First, the FCC looked at the image at issue and determined that this was a case that nicely fit within its definition of indecency. To be indecent under the FCC rules, the Commission will assess whether broadcast material depicts or describes sexual or excretory organs or activities in a manner that “is patently offensive.” In making that decision, the FCC has said that “the full context in which the material appeared is critically important.” That context is determined by looking at three principal factors: (1) the explicitness or graphic nature of the description or depiction; (2) whether the material dwells on or repeats at length descriptions or depictions of sexual or excretory organs or activities; and (3) whether the material panders to, titillates, or shocks the audience. While the image in question was no doubt explicit, and probably shocking to some in the audience, the FCC had to explain how the case fit into the second criteria, given that the image was on screen for only 3 seconds.

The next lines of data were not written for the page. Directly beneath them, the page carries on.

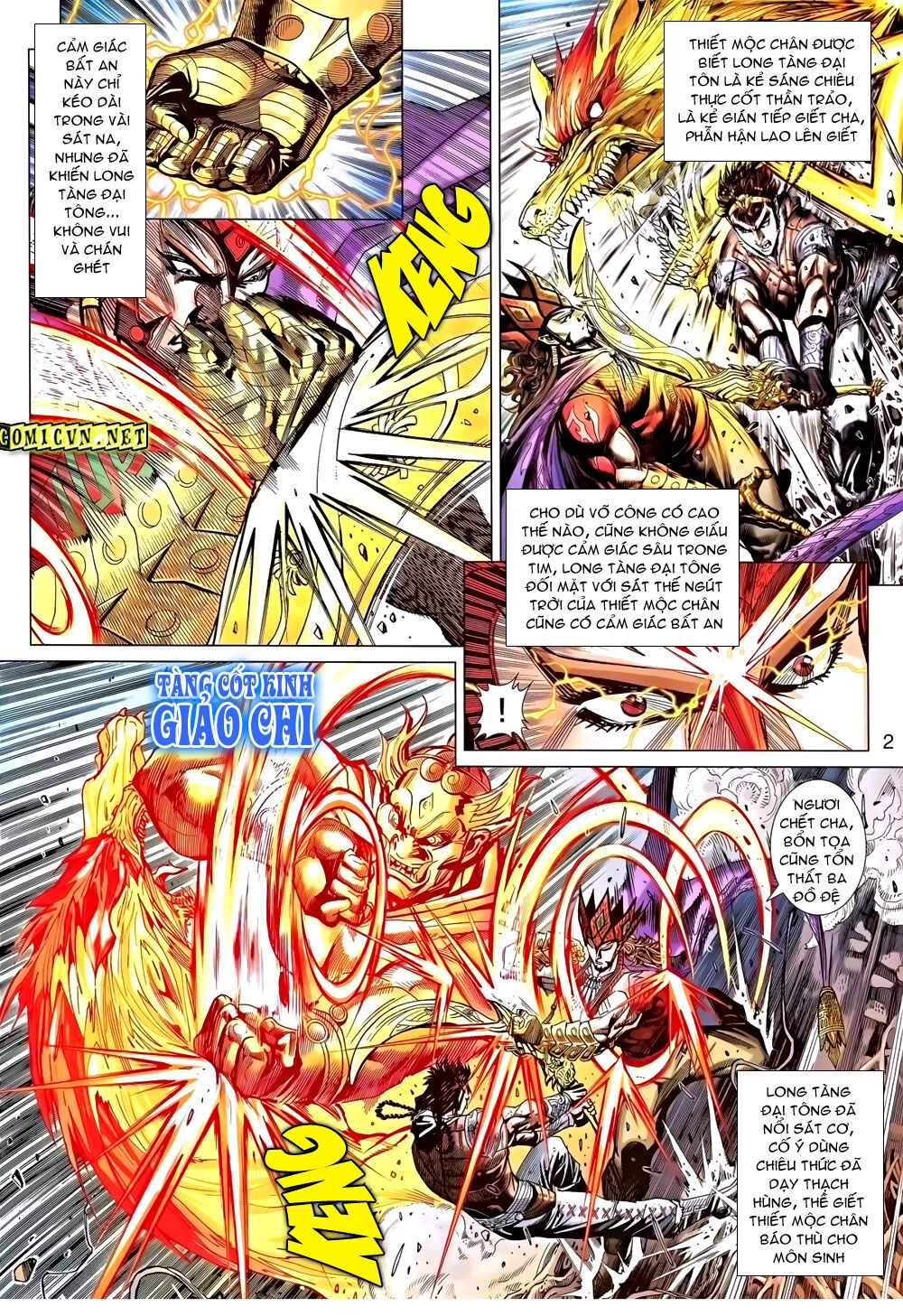 Thiên Tử Truyền Kỳ 8 - Thương Thiên Bá Hoàng Chapter 33 - 5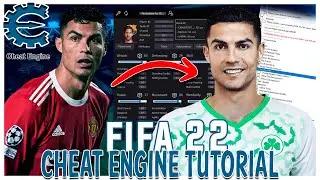 FIFA 22 CHEAT ENGINE TUTORIAL!?!😍🔥 FIFA 22 Tipps & Tricks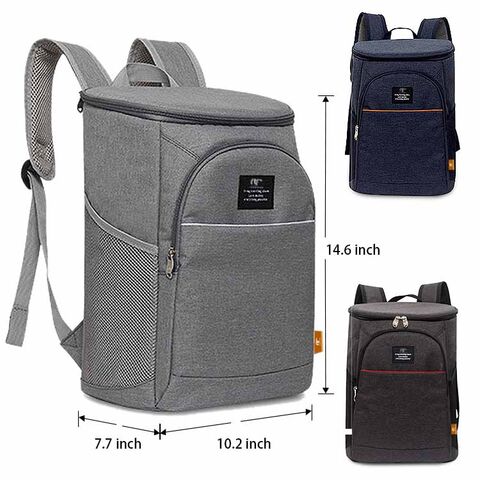 Wholesale Promotional insulated bags custom picnic cooler bag waterproof cooler backpack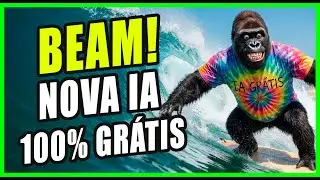 🔥BEAM! A NOVA IA para Criar Vídeos GRÁTIS e ILIMITADO Sem Marca D’água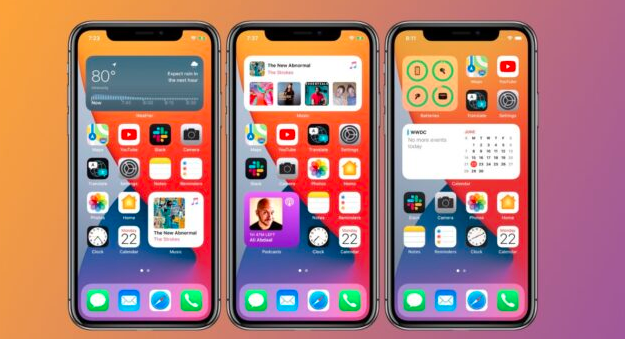 如何在帶有iOS 14的iPhone上添加小部件？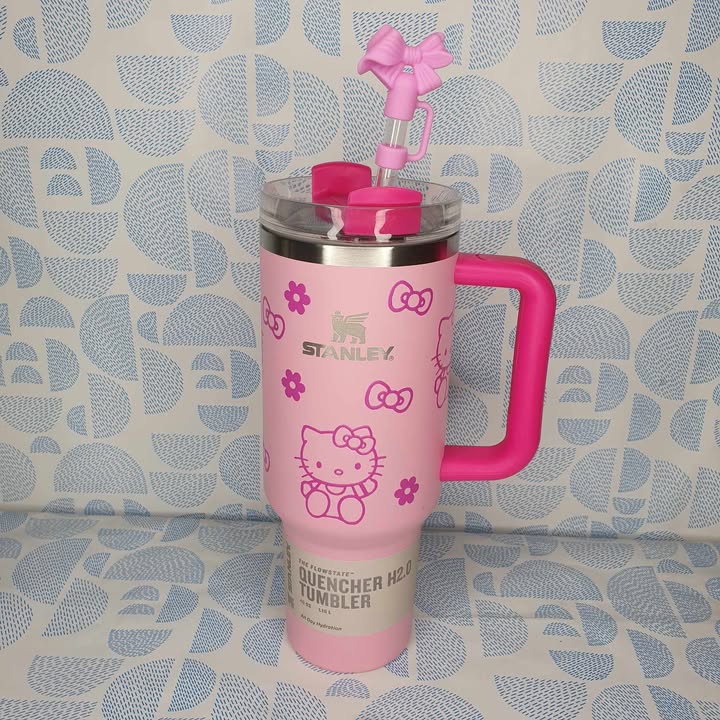 Stanley Stanley Hello Kitty 40oz Pink Tumblers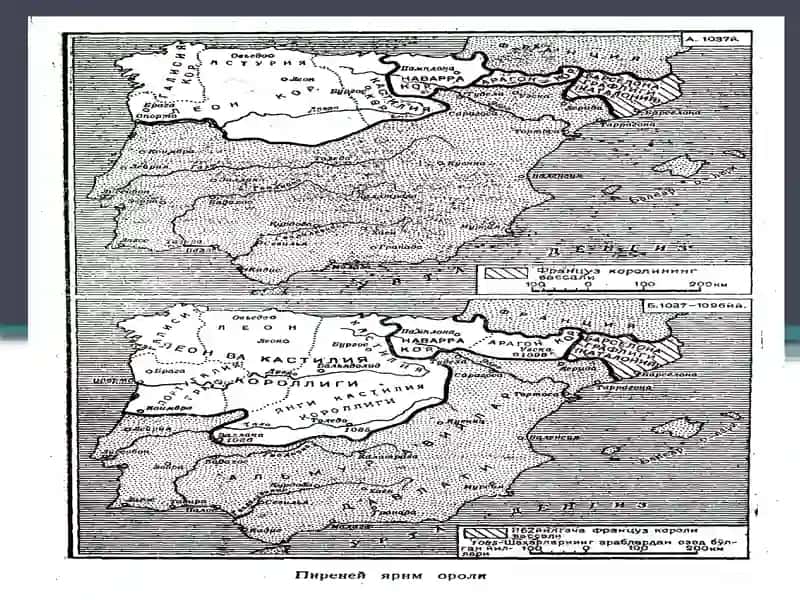 XI-XV ASRLARDA ISPANIYA 4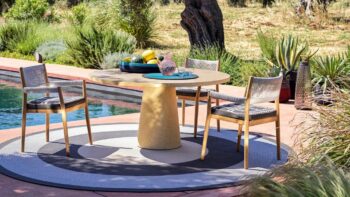 moebelbraum cassina dine out outdoor möbel Bad Homburg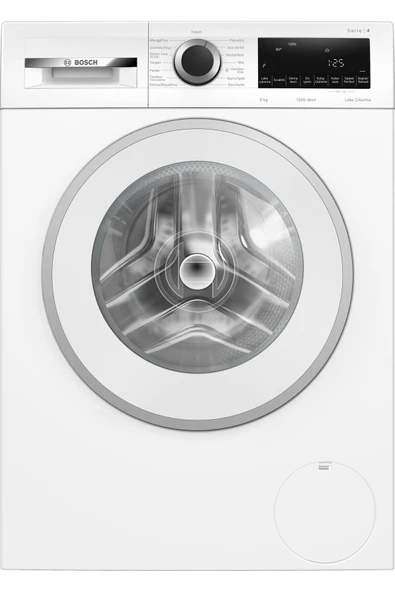Bosch Wga142x2tr 9 Kg 1200 Devir A Enerji Sınıfı Çamaşır Makinesi - 1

The Commission noted that it balances and weighs these three factors and, in this case, the material was so offensive and graphic, that it was on screen long enough to be noticed, and that the factors therefore dictated a determination that this broadcast was indecent.

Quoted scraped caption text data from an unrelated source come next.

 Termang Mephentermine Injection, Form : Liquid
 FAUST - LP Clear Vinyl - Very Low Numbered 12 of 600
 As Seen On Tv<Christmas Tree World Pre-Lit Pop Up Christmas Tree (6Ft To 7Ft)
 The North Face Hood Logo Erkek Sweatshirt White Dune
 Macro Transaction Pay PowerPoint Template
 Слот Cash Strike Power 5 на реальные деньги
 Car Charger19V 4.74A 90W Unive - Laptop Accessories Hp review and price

But why the heavy fine on something that was likely a mistake by the broadcaster? Clearly, it was to send a message. The FCC repeatedly noted that this broadcast was during the 6 PM news, at an hour that children were likely to be watching. Where the station decided to make a story about an adult film actor, and to illustrate it with material from an adult website, the Commission stated that it felt that the broadcaster should have exercised more care in reviewing the material for broadcast. Basically, the Commission seems to be saying that if you are playing with fire, don’t complain if you get burnt.

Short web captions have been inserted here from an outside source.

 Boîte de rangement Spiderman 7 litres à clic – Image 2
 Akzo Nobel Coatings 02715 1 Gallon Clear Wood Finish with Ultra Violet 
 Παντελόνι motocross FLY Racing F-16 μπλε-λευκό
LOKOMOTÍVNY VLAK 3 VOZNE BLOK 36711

But there will still no doubt be questions should the broadcaster decide to contest the Notice of Apparent Liability. Did the FCC really need to come down this hard on a very reputable broadcaster whose TV station obviously made a mistake? There is no question that the station should have been more careful in its editing, and the FCC wanted to warn other stations not to make the same mistake. But was a $325,000 fine necessary to make that point? This is not a situation where a station was repeatedly airing nasty material in a blatant attempt to push the limits to get ratings (like some morning radio shows with which the FCC has had problems in the past). Instead, it was one story that was run by a TV station, a little risqué perhaps, but certainly not over the line (but for the image in question). The Commission noted the fact that the station was ultimately owned by Schurz Communications, a significant company with multiple broadcast and newspaper interests, seemingly to conclude that the amount of the fine was necessary to make an impact on a big company. But for a well-respected company like this, wouldn’t almost any size fine and the publicity from this decision have had the same impact?

And what about the fact that the FCC’s own rules are currently under review? The FCC itself is trying to decide how to deal with fleeting expletives and images after the Supreme Court determined that its prior enforcement of its indecency policy did not give sufficient notice to the broadcaster of what was prohibited and what was permitted. In the Notice which began its review of its indecency policy (which we wrote about here, here and here), the FCC says that its indecency policy is constitutional and that the broadcaster should have known that this material was prohibited. It also notes that its request for comment on how to enforce the policy for fleeting images and expletives, and whether to only enforce the policy in egregious cases, came out after the conduct in question here (though the Supreme Court’s decision was before the conduct).

Yet these are all questions that will no doubt be argued in many quarters over the next few months. Watch as the argument develops – but also exercise caution as, once the FCC has pulled out this big cannon in its arsenal, it may well look to use it again, so don’t become a target!